Instructions to follow:
In the data below, find the line containing "Excellent. You now" and the line containing "Here I will", then reproduce them and every line between, exactly. Omit pictures.

Dataset entries:
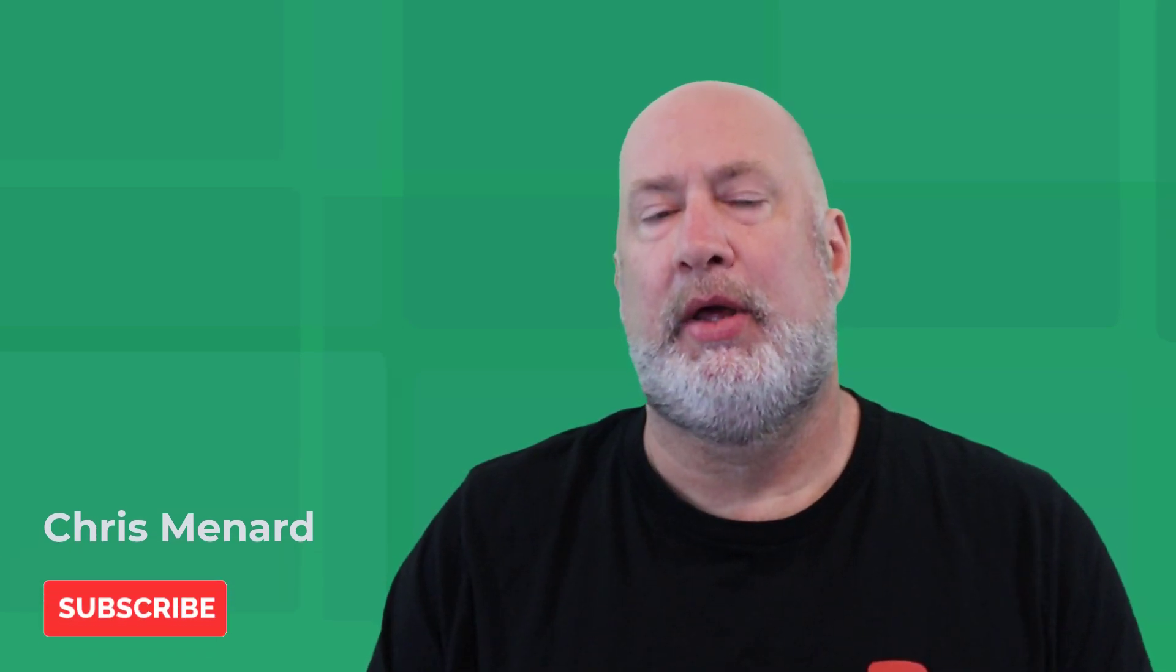Hello, I'm Chris Menard. In today's video, I'm going to cover year over year analysis, also called year over year growth.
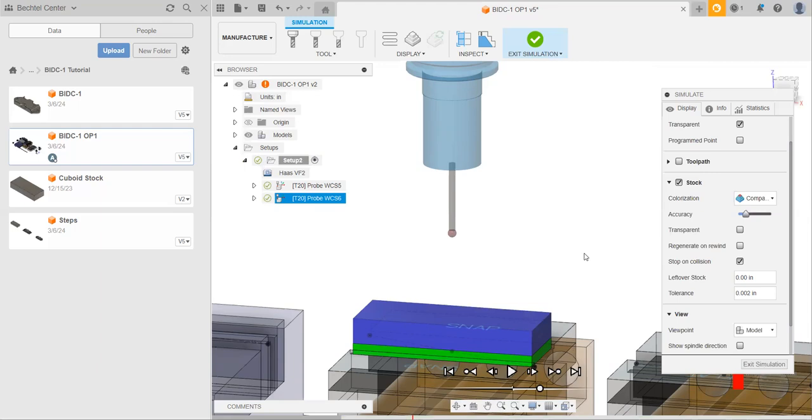Excellent. You now should have all the tools that you need to go and make the rest of this cam. Remember that if you ever get stuck, you can come into the Bechtel Center and a pyramid will be happy to assist you. But other than that, good luck. Thank you.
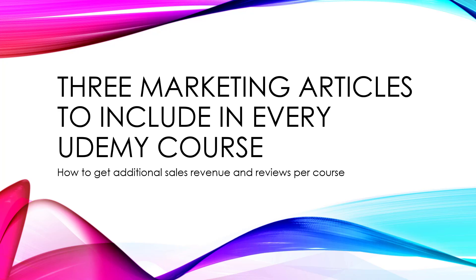Hello, and welcome to the lecture. Three marketing articles to include in every Udemy course. I was thinking, have I covered everything that's simple as far as marketing Udemy courses? And I thought, hey, here's actually three simple related things.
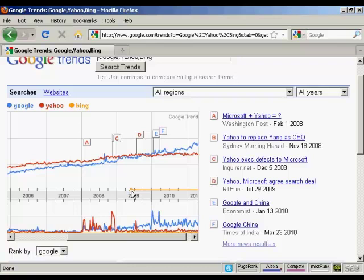In short, there are many different ways that you can use Google Trends to mine search data to do better research, and these are just a few examples to get your creative juices flowing. Thank you.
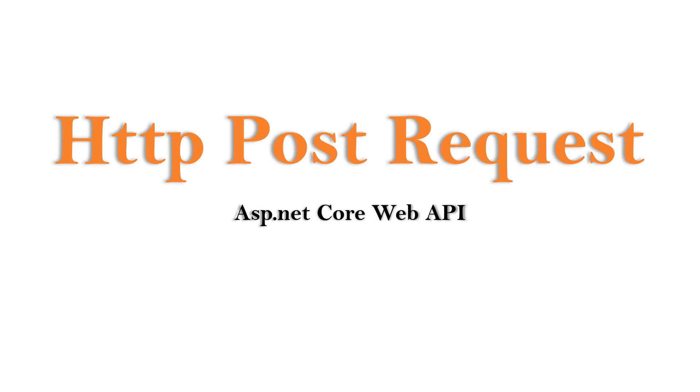Hi, this is Ahana. In this video, we are going to understand HTTP POST request.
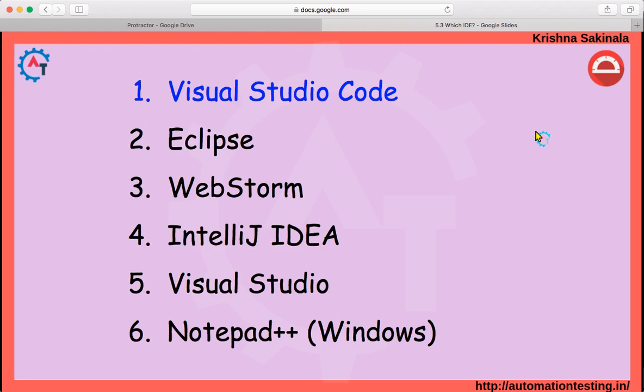Here I will prefer Visual Studio Code to write our Protractor scripts. The reason is Visual Studio Code is very lightweight, it is very fast, and it will occupy less memory in your machine.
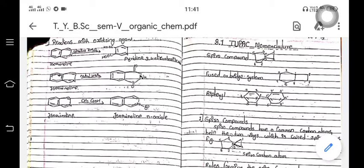The key to identify spiro compounds is that two cyclic rings are joined at one particular point. For example, a five-member ring or a three-member ring — these two are joined together at only one carbon atom. Those compounds are called spiro compounds.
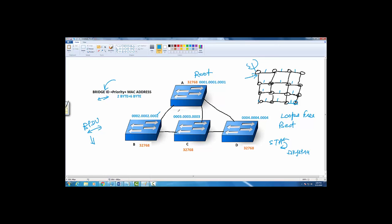These hellos don't go to everybody individually. They all send it to a multicast address. Remember that BPDUs are not sent to unicast, they are sent to a multicast address. The destination is a multicast address.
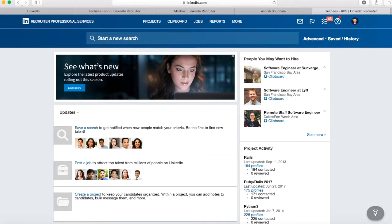So those are the basics of LinkedIn Recruiter. Let us know if you have any questions — leave a comment and we'll be happy to reach out and talk further. We go much more in depth on LinkedIn Recruiter in our e-course at themillionairerecruiter.com, where we do a full advanced search and tell you exactly what you should be doing with those profiles and how to get the best response rate from them.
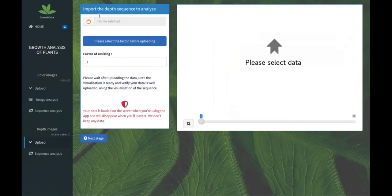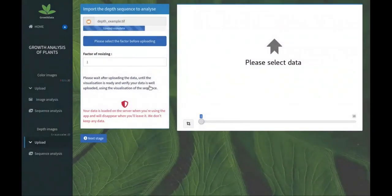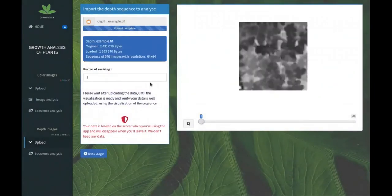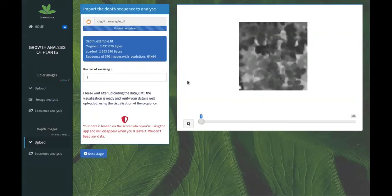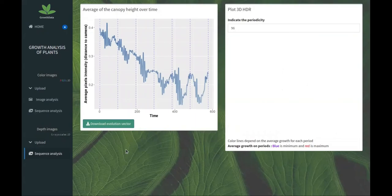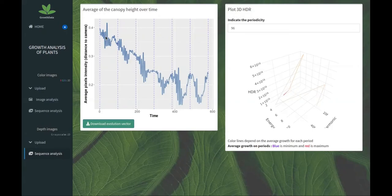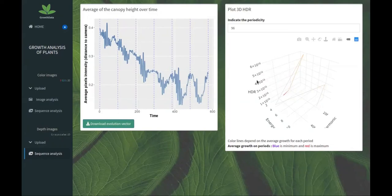Let's characterize depth sequences of images. Here we have a canopy of hydrangeas on top view, and we want to characterize the growth. We have on the left the average of the canopy height over time. It is the distance to the depth sensor camera. We can see different patterns: the daily growth, circadian patterns, or higher frequency patterns.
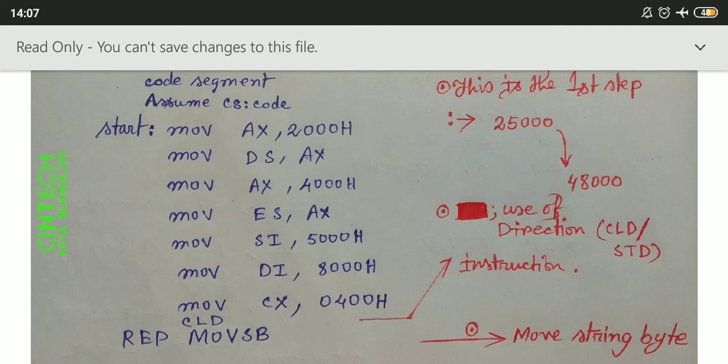Then we initialize the counter register: MOV CX, 0400h. CLD is a direction command — a string instruction for auto-incrementing. Then REP MOVSB — this instruction moves a string byte, transferring data from DS:SI to ES:DI, moving one byte of data at a time. This completes the first step.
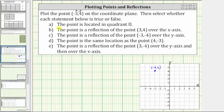Now let's look at the statements. Statement A: the point is located in quadrant two. Quadrant one is where the x and y-coordinates are positive, which is the upper right-hand corner, and then from here you label the quadrants counterclockwise. This is quadrant two, this is quadrant three, and this is quadrant four. We normally use Roman numerals for the quadrant numbers. Notice the given point is in quadrant two — statement A is true.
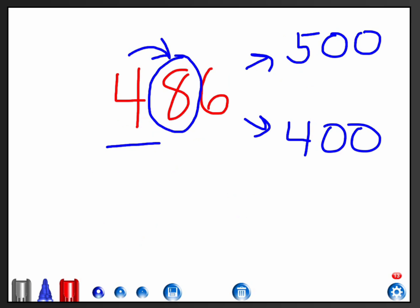Ask yourself, is it a 5 or up? If it's 5 or up, I go up. I round up. If it's 4 or down, I'm going to round down to that hundred. Since 8 is 5, 6, 7, 8, 9, it is 5 or up. 486 would round to 500.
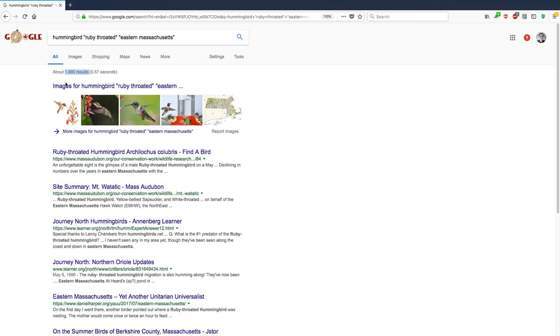So that really cut it down. Right now, there's only about 2,000 results that mention Eastern Massachusetts. Okay, this is good. But let's say I want to focus things a little bit more.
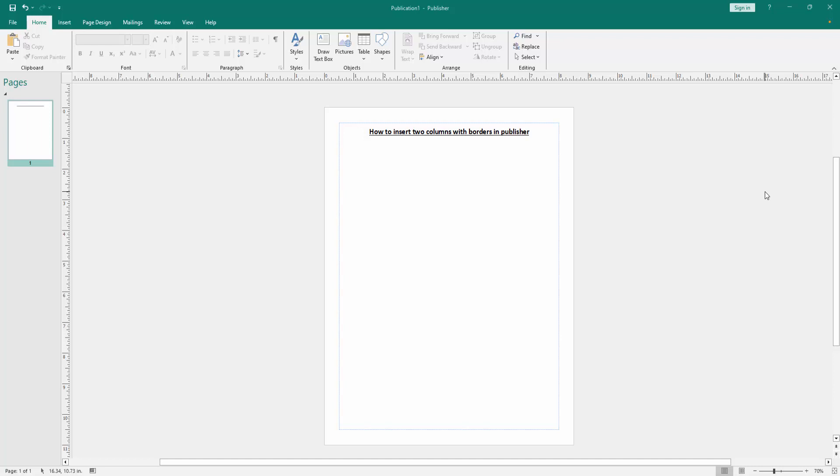In this video, I'm going to show you how to insert two columns with borders in Microsoft Publisher. Let's get started.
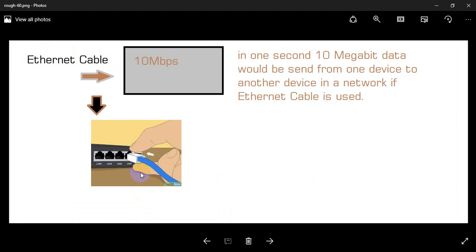We have three categories: Ethernet, Fast Ethernet, and Gigabyte Ethernet. Now let's talk about Ethernet. We have speed...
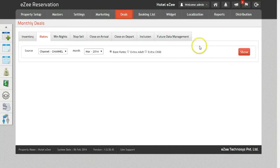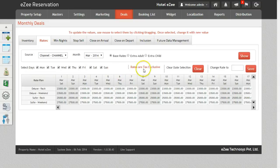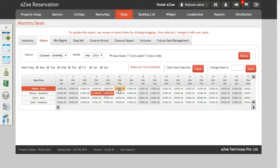Once you do that, click on the Show button to get the rates for the selected criteria. Select the days for which you want to change the rates. Rates can be inclusive or exclusive of tax depending on the settings. Now to change the rates, select the date corresponding to a rate plan. Insert the new rates in the Change Rate To field and click on Save.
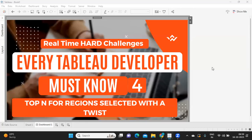Hello everyone, welcome back to my YouTube channel. I hope you guys are doing absolutely fine. In today's video, we are going to discuss another interesting challenge that was asked in a recent interview: the top N for regions selected.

The answer:
Excellent. You now should have all the tools that you need to go and make the rest of this cam. Remember that if you ever get stuck, you can come into the Bechtel Center and a pyramid will be happy to assist you. But other than that, good luck. Thank you.
Hello, and welcome to the lecture. Three marketing articles to include in every Udemy course. I was thinking, have I covered everything that's simple as far as marketing Udemy courses? And I thought, hey, here's actually three simple related things.
In short, there are many different ways that you can use Google Trends to mine search data to do better research, and these are just a few examples to get your creative juices flowing. Thank you.
Hi, this is Ahana. In this video, we are going to understand HTTP POST request.
Here I will prefer Visual Studio Code to write our Protractor scripts. The reason is Visual Studio Code is very lightweight, it is very fast, and it will occupy less memory in your machine.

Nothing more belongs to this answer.